A l’ouverture de Dak’art 2022, il fût souligné au sujet de la Chine, pays invité, le premier rang qu’elle occupe dans le marché de l’art de quoi susciter davantage de curiosité et forcément, des interrogations.
Qu’y a-t-il d’extra-ordinaire dans ce marché? Les acteurs de cette chaîne de valeur, qu’ont ils compris? Que font-ils mieux?
Le concept d’énergie de transition / énergie active a été emprunté à la physique quantique pour formuler le concept curatorial en écho à Ī Ndaffa. À travers une sélection de 12 artistes ayant grandi à une époque de développement rapide en Chine (1967***), il est illustré le mouvement de bascule entre la transition individuelle de l’artiste et la transition de la communauté culturelle à laquelle ils appartiennent.

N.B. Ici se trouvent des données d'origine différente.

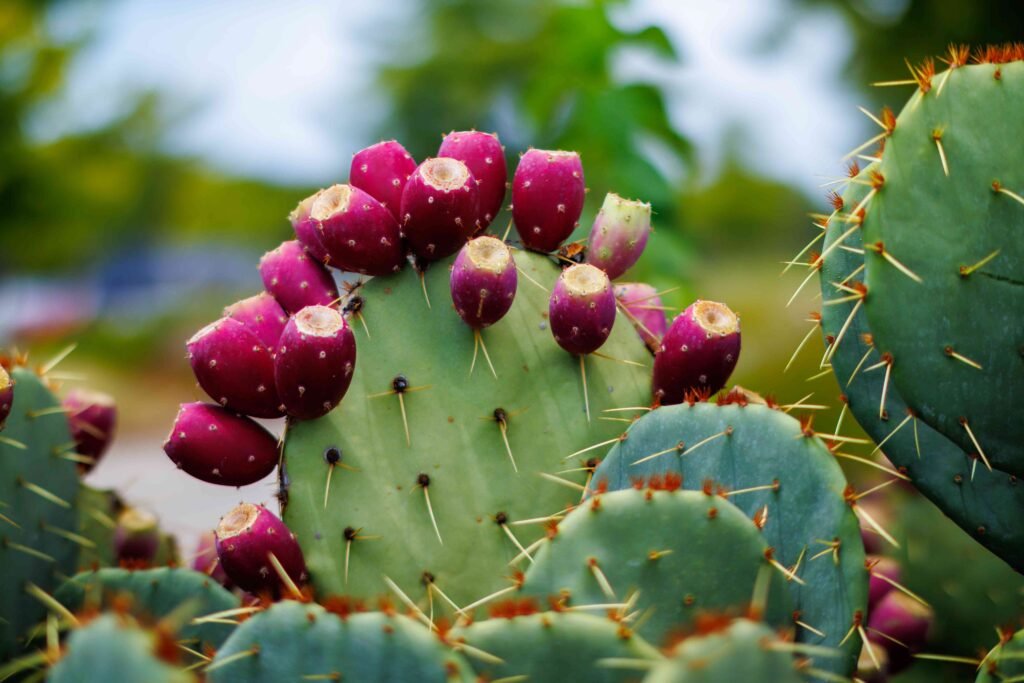 What Happens to Your Body When You Add Prickly Pear to Your Diet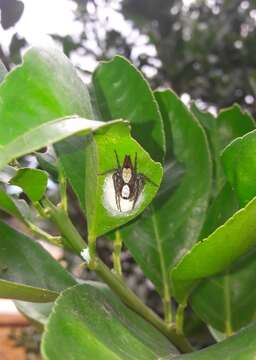 Image of Oxyopes niveosigillatus Mello-Leitão 1945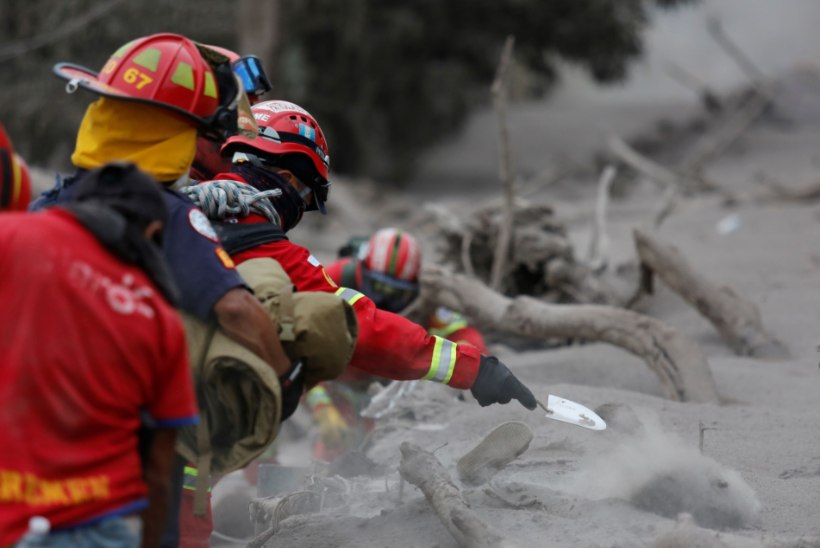 FOTOD | Guatemalas jätkatakse vulkaaniohvrite otsinguid, ametlik hukkunute arv on hetkel 69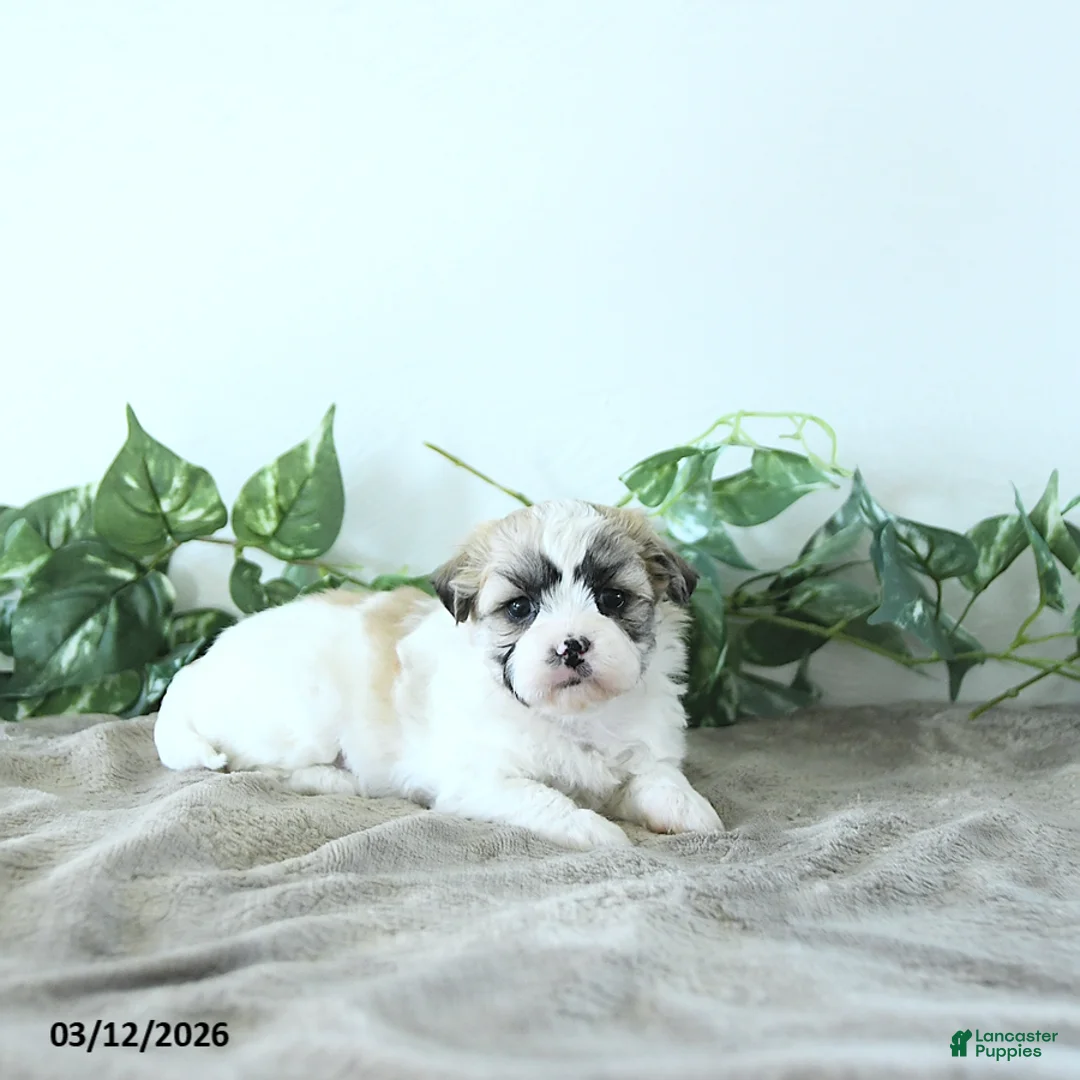 Teddy Bear dogs for sale: Molly - Ad 5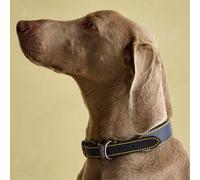 Joules Navy Leather Dog Collar - Medium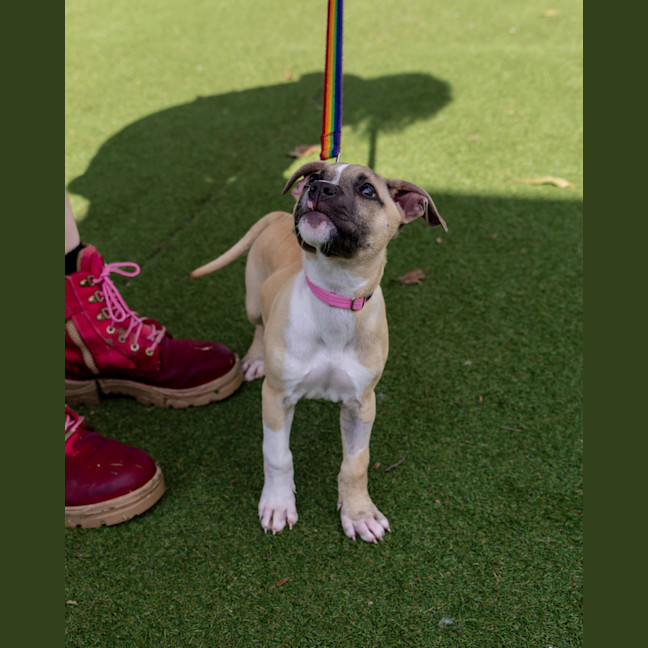 Photo of Lottie Bell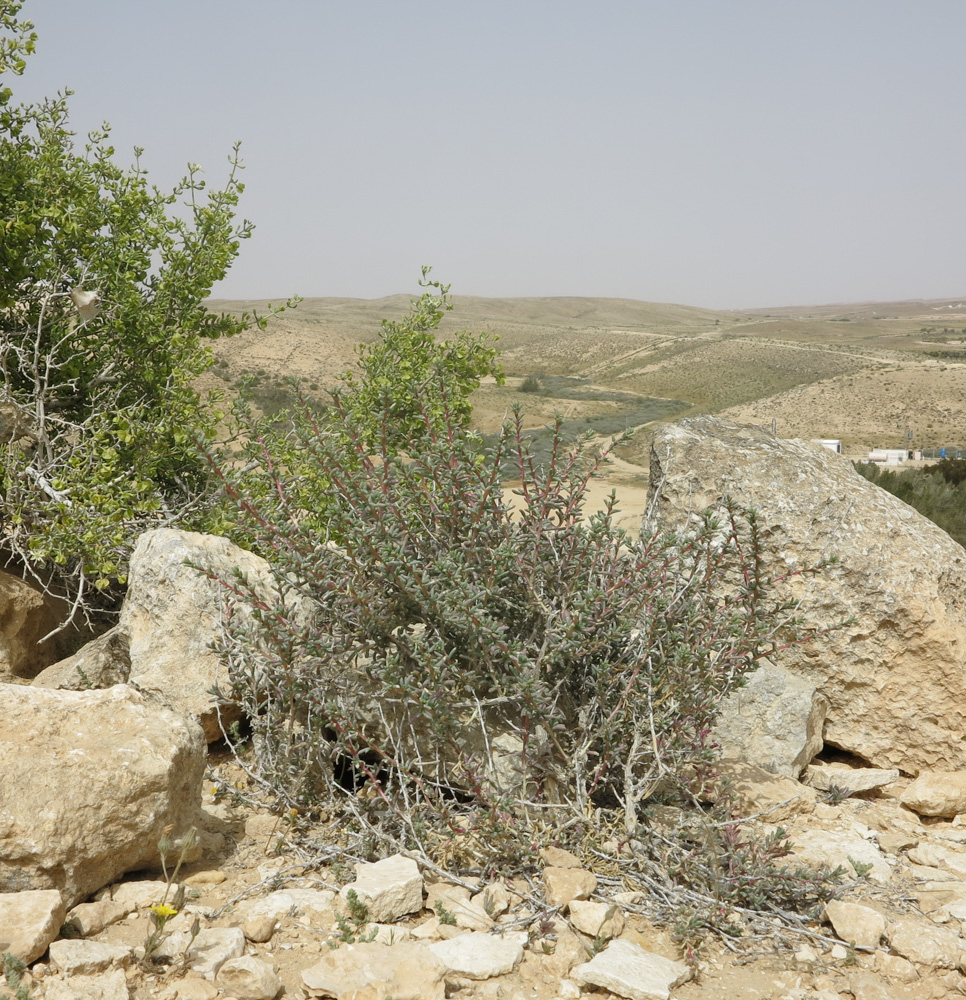 Image of Halogeton alopecuroides specimen.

En d’autres termes, le fruit ne tombe jamais loin de l’arbre.
Ce projet curatorial s’interroge aussi sur l’avenir du monde et est d’avis que la longue histoire de civilisation et la sagesse ancienne basée sur la nature, l’humanité, la vérité, la bonté, la beauté, la vie et la mort qu’ont en partage la Chine et l’Afrique [mieux les afriques] sont les atouts majeurs dont chacune dispose chacune pour affronter les défis posés par le progrès et assumer leur part de responsabilité.

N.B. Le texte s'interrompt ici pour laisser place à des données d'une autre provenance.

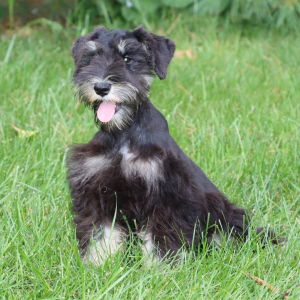 Miniature Schnauzer Puppy Tinker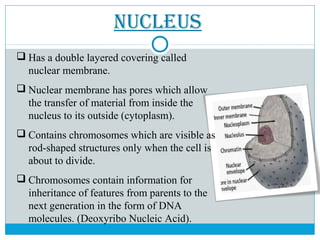 NuCleus
 Has a double layered covering called
nuclear membrane.
 Nuclear membrane has pores which allow
the transfer of material from inside the
nucleus to its outside (cytoplasm).
 Contains chromosomes which are visible as
rod-shaped structures only when the cell is
about to divide.
 Chromosomes contain information for
inheritance of features from parents to the
next generation in the form of DNA
molecules. (Deoxyribo Nucleic Acid).
 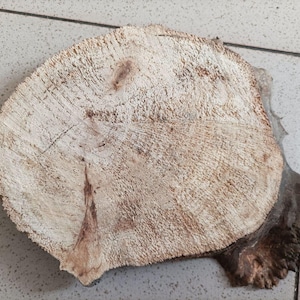 May include: A circular cross-section of a tree trunk, displaying the natural wood grain and texture. The light-coloured wood has a rough, textured surface with visible growth rings and a darker, irregular edge. A natural, rustic wood slice.
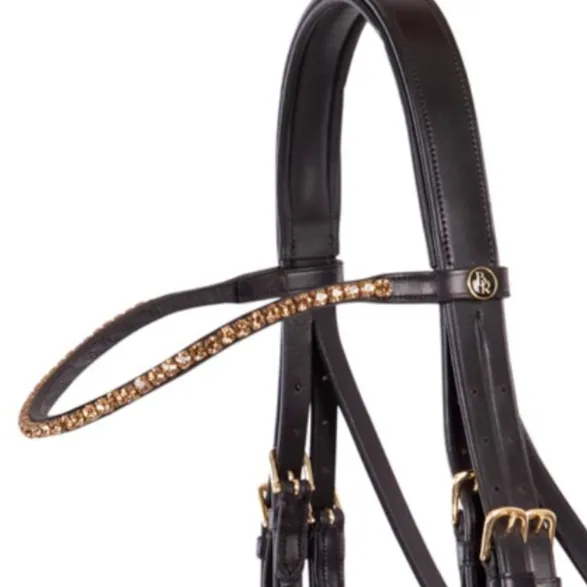 BR elegant curved gold browband on brown leather
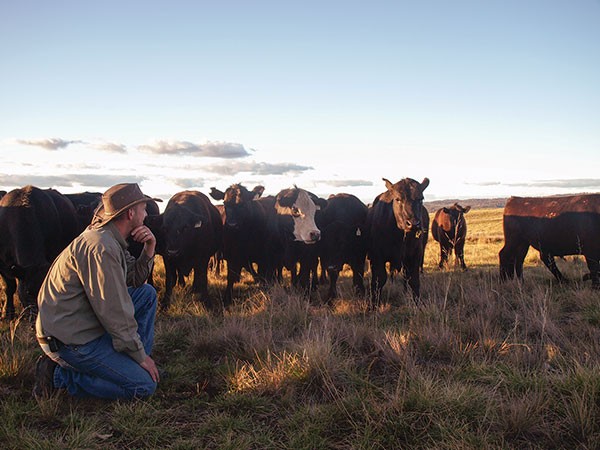 Hombre entre una manada de vacas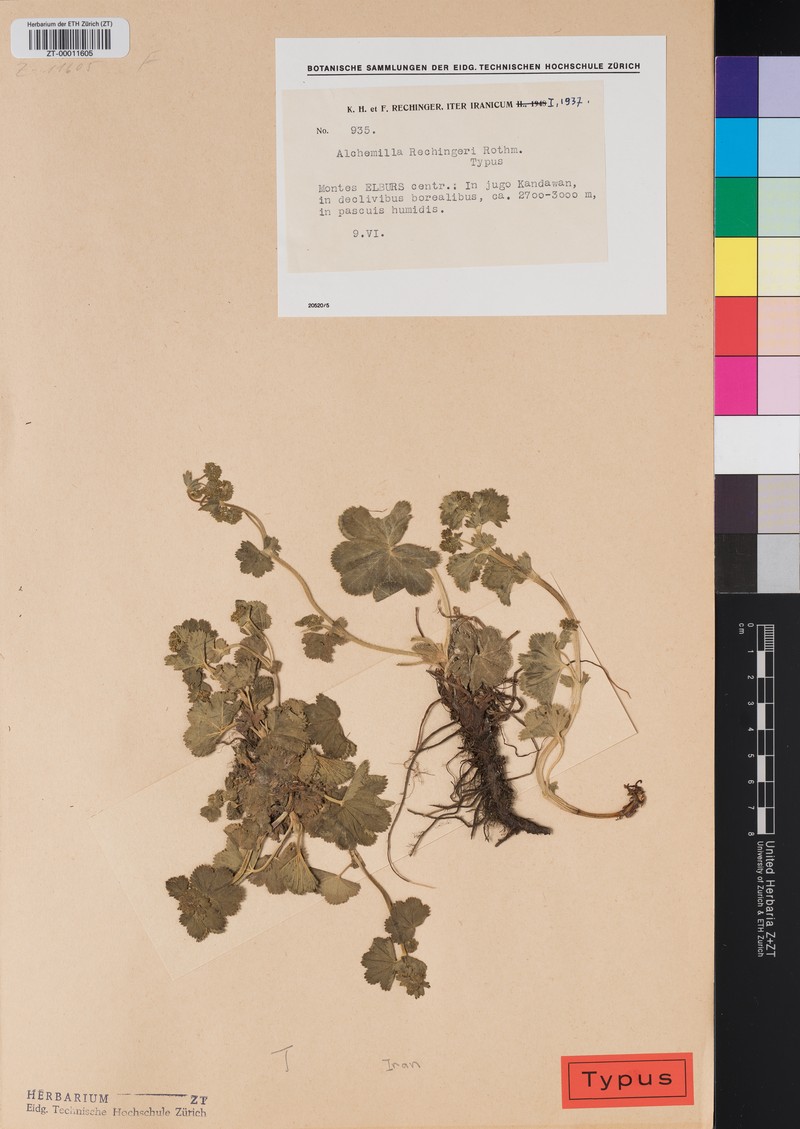 Alchemilla compactilis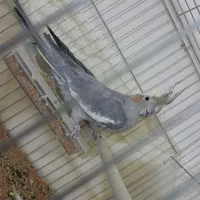 یک عدد عروس هلندی نر|پرنده|سراب, |دیوار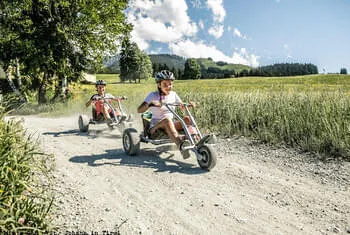 Charrette de montagne Harschbichl © Mirja Geh - Alpes de Kitzbühel St. Johann in Tirol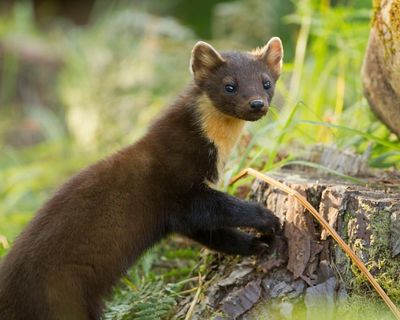 Country diary: The challenge of making a thatched roof pine-marten proof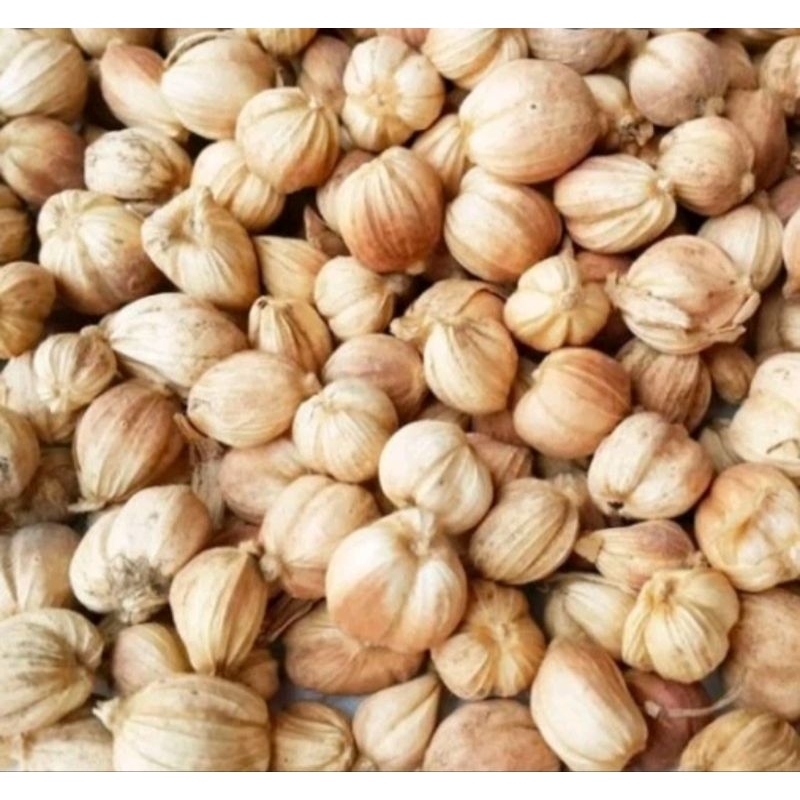 

Kapulaga jawa Kering 100gram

A première vue, il se dégage professionnalisme et sérieux dans le travail. A l’entrée, un catalogue d’exposition retrace le parcours des artistes exposés et offre des éléments d’information sur les œuvres exposées. En le lisant, on est tout de suite frappé par la double casquette de professeur entendu ici comme grade élevé de l’enseignement supérieur et d’artiste reconnu de la sélection ainsi que leur riche expérience nationale et internationale.
En visitant cette exposition, je me suis posée trois questions qui peuvent sembler triviales ou banales: Qu’est ce qu’un artiste contemporain? Comment un artiste répond il à sa contemporanéité? Quid des consommateur d’expositions (visiteurs, collectionneurs, etc.) ? Comment trouve-il en cette production artistique les éléments qui lui permettent de documenter ou garder une trace de son présent qui deviendra plus tard son passé? Sans forcément chercher à répondre à ce triple questionnement, j’ai trouvé en cette exposition une diversité de matériaux, de formes et de sujets d’intérêt liée certainement à la sensibilité des artistes.

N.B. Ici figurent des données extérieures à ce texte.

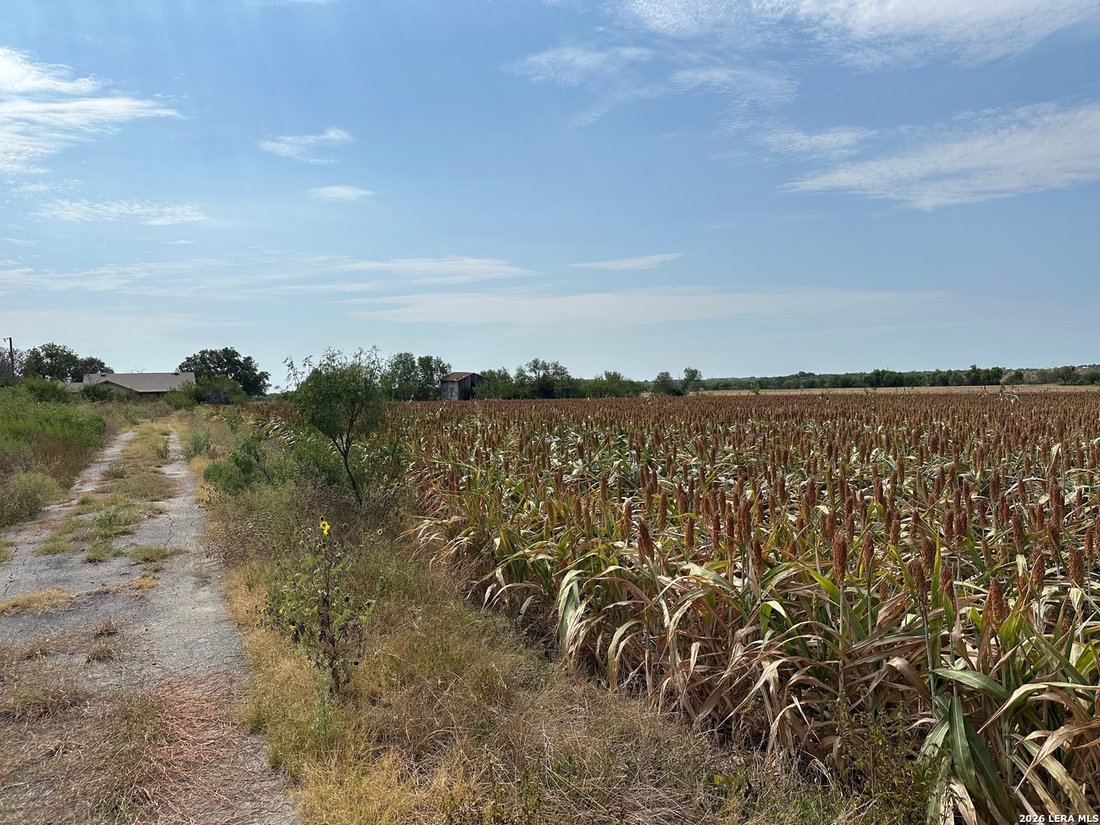 Converse, Texas, United States 1 - 18793163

La giclée en tant que technique prédomine. La sculpture, l’acrylique et la vidéo ne sont pas en reste. Le travail sur papier, la tôle et la céramique ainsi que la technique mixte restent très marginaux. Sauf erreur de ma part, il me semble que cette matière fait écho à notre ère “pixel”, notre ère de béton et de tôles (automobiles et de construction) mais aussi à notre mère-nature en péril.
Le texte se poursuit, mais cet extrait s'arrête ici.